Thursday’s Child

A guy could go crazy trying to think up “catchy” titles that allude to content, but why bother? Nobody reads anymore, and the ones who do hardly retain anything. Okay, that’s a “projection” on my part. In my case I retain an enormous amount of stuff, but it’s replaced by the next stuff that I read and “retain.” So you’re all off the hook from now on, everybody agreed? Fine then, here’s another garden variety “update” for me you:

I’m moving into my new room on the 10th and 11th, that is, on Monday and Tuesday coming up after this weekend.

Monday, sometime between 1 & 3 PM, the guy from Comcast is coming to the new crib with a high speed Internet-only installation. Because the installation requires a Comcast field rep, and I requested to do it “myself” they are waiving the $99 installation fee.

I know how to play the game, see? In order to break the rules (properly), you have to know the rules. Miles Davis said that, referring to musical ‘rules.’ But, like many things about music and the theory of it all, it can apply to life in general.

Why is that? Well, it’s because music is a logical structure, and the creation of it involves both physical and non-physical elements, and its impact on the environment is also both physical and non-physical. Sound (no pun intended) logical structures can be “mapped” onto multiple morphologies. (There’s a $2 word for y’all, eh?).

Mathematics is, at its essence, a logical system, a system OF logic. It’s no accident that many musicians had a knack for math (whether they enjoyed or excelled at, it, or not.). What’s that? Too many commas? Ha ha, try again, cowgirl.

So, to return to the alleged “subject” for a bit, rules weren’t necessarily made to be broken, but they certainly need to be understood before being broken. Maybe they should also be understood before being followed, too, what do you think?

So, it looks like I’ll get “my way” as a result of using Comcast’s poorly-advertised and even less-familiar rules. Why isn’t all of life so simple? Well, who says it can’t be? I don’t know, but it seems pretty tricky at times, to me.

Back to next Monday/Tuesday.

“The Girls” (that would be Nancy & Rebel) apparently have designs on the design of my living environment. And that is a really good thing, because I have a history of “adapting” to whatever the deal is, and, just like following rules, thoughtlessly ambivalent as to their rationale, that can lead to very dissatisfying experiences and outcomes.

The Girls found a cheap (for some, not me) portable fridge. I have an electric water boiler, grinder for coffee beans (two, actually, the second being for spices), a rice cooker, a french press coffee maker (mechanical, there’s another name for it, forget about it for now) and a bread box.

So, what do I need? I want to use the main kitchen in the apartment as little as possible. There’s going to be somebody living in the living room, in addition to the other bedrooms, right between my “front” door and the kitchen. because of my very strange hours when I’m in production I do not want to get the starving munchies and have to trip over someone and put up the kitchen klang bang crash noise at some un-gawdly hour.

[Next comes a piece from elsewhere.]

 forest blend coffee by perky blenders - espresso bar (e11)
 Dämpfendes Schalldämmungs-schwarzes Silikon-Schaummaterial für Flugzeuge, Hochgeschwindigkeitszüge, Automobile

So what’s missing? An electric skillet and one of those electric toaster oven things? Or a fancier combination convection/microwave? I hate microwaved food. They’re great for popcorn, but I don’t eat popcorn. Good for reheating coffee, and food, too, if there’s no peanut butter. But not really good for those things. have you ever reheated coffee in a microwave? I do it all the time. The cup can get twice as hot as the actual coffee, and it cools off, I swear to Gawd, at a faster rate than it would under “analog” process conditions.

Is this common knowledge or is it, once again, just me?

At any rate, I’m fine, or even better. Appliances pale in importance compared to wide bandwidth, coffee, peanut butter and tobacco. And I’ll have those waiting for me when I move in. So there you go.